La Battaglia di Custoza

Giovanni Fattori

 
DESCRIZIONE:
Alla più vasta delle sue numerose tele di soggetto militare, dedicata al disastroso insuccesso di Custoza del 24 giugno 1866, Fattori lavorò dal 1876 al 1880 (non andò a documentarsi sul luogo come era avvenuto per la battaglia di Magenta, ma l'accuratezza delle ricerche è testimoniata dai disegni preparatori conservati nel Museo Civico di Livorno), in un vasto ambiente messogli a disposizione nell'Accademia di Belle Arti di Firenze, per interessamento del Ministero della Pubblica Istruzione.
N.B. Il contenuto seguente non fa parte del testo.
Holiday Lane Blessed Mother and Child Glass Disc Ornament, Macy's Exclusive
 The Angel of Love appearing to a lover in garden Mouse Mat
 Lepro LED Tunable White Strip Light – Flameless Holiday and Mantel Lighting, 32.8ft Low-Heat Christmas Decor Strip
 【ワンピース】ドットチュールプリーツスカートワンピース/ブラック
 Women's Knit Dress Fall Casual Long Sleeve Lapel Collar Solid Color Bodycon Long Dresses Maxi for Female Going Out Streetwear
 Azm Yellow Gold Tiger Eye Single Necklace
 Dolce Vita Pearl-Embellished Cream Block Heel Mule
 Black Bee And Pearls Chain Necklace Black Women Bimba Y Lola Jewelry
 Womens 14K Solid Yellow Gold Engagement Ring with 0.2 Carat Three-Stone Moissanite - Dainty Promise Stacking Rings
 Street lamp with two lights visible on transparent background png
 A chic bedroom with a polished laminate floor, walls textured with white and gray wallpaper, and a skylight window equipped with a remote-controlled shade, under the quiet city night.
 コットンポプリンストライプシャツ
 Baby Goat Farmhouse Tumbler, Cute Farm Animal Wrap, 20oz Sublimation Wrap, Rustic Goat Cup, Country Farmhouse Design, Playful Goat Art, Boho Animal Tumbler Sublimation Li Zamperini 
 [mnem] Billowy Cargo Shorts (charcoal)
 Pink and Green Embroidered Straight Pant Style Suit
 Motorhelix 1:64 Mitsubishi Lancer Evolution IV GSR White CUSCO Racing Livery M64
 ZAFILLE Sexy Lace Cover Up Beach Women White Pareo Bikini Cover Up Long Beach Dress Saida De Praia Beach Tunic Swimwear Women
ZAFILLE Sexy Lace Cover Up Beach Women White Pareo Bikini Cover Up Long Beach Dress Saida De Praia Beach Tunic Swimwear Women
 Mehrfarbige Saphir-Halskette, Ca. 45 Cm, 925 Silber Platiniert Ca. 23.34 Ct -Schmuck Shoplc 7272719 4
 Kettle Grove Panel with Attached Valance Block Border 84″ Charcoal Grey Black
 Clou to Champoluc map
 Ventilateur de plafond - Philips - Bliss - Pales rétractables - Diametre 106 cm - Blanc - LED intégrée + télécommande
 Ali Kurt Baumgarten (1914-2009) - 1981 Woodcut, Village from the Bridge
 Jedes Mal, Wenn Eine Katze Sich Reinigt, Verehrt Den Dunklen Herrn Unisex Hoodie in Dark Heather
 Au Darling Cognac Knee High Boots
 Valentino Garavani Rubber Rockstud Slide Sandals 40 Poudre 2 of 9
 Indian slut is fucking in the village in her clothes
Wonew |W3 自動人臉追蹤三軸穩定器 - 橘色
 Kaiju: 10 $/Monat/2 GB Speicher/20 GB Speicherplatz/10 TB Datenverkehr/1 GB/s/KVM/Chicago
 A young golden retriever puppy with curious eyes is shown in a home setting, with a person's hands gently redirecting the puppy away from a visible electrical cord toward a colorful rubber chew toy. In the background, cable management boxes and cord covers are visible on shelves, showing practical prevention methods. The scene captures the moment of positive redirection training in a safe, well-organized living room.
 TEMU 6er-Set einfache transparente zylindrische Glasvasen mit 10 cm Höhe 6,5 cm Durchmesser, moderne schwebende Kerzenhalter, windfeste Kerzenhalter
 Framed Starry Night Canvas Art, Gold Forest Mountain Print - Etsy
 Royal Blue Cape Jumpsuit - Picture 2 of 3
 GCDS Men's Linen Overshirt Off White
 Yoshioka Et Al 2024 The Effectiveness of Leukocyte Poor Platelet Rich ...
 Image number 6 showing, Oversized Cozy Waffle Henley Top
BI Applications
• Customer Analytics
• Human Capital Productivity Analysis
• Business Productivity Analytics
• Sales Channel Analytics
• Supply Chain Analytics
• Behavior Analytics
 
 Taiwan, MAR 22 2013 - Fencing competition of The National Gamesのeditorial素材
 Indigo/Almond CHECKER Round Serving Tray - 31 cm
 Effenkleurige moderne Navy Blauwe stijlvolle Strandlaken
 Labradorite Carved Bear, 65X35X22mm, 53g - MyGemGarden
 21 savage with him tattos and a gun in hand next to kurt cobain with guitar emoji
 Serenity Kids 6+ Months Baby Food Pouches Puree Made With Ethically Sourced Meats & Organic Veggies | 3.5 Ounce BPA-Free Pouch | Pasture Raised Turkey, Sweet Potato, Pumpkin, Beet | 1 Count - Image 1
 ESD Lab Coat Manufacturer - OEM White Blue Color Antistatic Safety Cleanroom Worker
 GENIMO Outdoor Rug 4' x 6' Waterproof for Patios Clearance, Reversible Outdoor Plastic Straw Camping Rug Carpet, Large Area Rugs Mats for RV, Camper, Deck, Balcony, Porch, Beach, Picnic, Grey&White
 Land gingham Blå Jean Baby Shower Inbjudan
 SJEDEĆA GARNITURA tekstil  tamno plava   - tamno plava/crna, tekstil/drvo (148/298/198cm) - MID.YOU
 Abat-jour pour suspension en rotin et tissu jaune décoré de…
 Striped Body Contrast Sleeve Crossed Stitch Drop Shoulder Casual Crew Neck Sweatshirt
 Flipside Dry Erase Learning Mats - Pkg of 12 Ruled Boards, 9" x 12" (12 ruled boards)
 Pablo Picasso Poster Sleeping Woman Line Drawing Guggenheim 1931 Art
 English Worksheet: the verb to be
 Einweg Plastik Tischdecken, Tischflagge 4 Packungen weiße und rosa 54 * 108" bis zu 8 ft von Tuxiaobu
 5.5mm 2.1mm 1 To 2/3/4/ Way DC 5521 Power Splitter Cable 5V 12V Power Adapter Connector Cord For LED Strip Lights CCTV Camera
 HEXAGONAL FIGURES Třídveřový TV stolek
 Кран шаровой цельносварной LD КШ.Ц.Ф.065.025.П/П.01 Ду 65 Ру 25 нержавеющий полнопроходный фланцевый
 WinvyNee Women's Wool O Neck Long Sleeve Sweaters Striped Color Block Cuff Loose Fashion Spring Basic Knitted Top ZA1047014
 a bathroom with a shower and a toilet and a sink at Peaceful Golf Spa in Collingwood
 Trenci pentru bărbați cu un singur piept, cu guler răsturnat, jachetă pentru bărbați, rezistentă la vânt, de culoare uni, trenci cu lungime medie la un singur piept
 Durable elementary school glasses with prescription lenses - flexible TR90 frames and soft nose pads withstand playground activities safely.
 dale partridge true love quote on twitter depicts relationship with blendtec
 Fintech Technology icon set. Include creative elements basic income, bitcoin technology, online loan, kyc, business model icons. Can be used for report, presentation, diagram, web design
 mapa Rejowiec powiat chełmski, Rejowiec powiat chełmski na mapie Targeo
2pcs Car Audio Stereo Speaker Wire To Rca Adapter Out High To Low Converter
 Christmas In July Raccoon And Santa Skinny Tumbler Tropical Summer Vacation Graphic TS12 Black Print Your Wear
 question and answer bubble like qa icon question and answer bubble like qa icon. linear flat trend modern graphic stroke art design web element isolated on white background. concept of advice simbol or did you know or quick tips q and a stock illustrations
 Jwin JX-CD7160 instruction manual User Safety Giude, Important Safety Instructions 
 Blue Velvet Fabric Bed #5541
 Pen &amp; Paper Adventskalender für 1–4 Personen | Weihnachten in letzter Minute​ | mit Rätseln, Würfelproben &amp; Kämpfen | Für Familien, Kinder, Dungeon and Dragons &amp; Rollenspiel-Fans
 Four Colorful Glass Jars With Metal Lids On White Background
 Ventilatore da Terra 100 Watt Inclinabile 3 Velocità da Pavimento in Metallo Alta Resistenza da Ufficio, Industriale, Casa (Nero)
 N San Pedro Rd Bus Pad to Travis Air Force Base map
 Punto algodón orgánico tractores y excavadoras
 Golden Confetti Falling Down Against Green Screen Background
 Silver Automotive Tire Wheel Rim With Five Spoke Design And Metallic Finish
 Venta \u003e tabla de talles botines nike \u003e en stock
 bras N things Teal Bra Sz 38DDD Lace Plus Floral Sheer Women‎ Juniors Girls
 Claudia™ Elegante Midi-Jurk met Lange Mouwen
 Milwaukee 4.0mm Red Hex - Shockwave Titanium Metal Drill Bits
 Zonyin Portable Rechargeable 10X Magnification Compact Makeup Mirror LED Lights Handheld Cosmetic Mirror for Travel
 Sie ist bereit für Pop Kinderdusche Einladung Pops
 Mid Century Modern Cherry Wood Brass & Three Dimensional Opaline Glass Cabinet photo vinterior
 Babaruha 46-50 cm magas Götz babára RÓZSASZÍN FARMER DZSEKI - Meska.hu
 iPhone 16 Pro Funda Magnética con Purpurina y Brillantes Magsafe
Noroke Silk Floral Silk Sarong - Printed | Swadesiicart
Onorato dalla vista di re Umberto I nel 1878, Fattori presentava infine il dipinto all'Esposizione Nazionale di Torino del 1880, senza troppo successo: "è impossibile sognare i nostri bellissimi artiglieri più brutti, più sciatti, meno soldati nella tenuta [...] sono trasparenti, essi e le loro divise; i fanti del quadrato,  cavalli,  cavalieri, armi ed armati, tutto è scialbo, diafano, scolorito, fragile, inconsistente come le spoglie secche delle cicale" recensiva Chirtani, che trovandovi alcuni brani - quali il paesaggio - meglio riusciti, concludeva: "questi pezzi più consistenti fanno parere ancor più svanite le larve dei combattenti" (Chirtani 1880 a, p. 87). Similmente Filippi si doleva che tutte le "belle cose" militari, uniformi, attrezzi e divise, fossero come "affogate nella più strana falsità di colore, bigio, violaceo, azzurrognolo, da far venire il mal di mare" (Filippi 1880, pp. 112-113). Esposto nuovamente a Roma nel 1883, il dipinto venne in quell'occasione acquistato per la costituenda Galleria d'Arte Moderna grazie all'interessamento del ministro Ferdinando Martini. In un momento storico tanto drammatico per il giovane Regno d'Italia "in considerazione della crescente importanza della pittura di battaglie e del significato tributatele dalla politica culturale dello Stato [...] nella consapevolezza delle particolari difficoltà che il nuovo soggetto presentava" (Hansmann 2005, p. 243), pur non del tutto compresa nelle sue rivoluzionarie novità formali, nella scabra essenzialità della pittura, carica di pathos proprio perché volutamente priva di facili attrattive, l'opera di Fattori otteneva così un riconoscimento pubblico carico di significato. "Proprio in quella dimensione popolare, scarna e quasi schematica che definiva la grande tela di Custoza, [Fattori] riproponeva una più articolata o per lo meno apparentemente più complessa definizione ‘nazionale' del quadro realista" (Monti 1987, p. 60).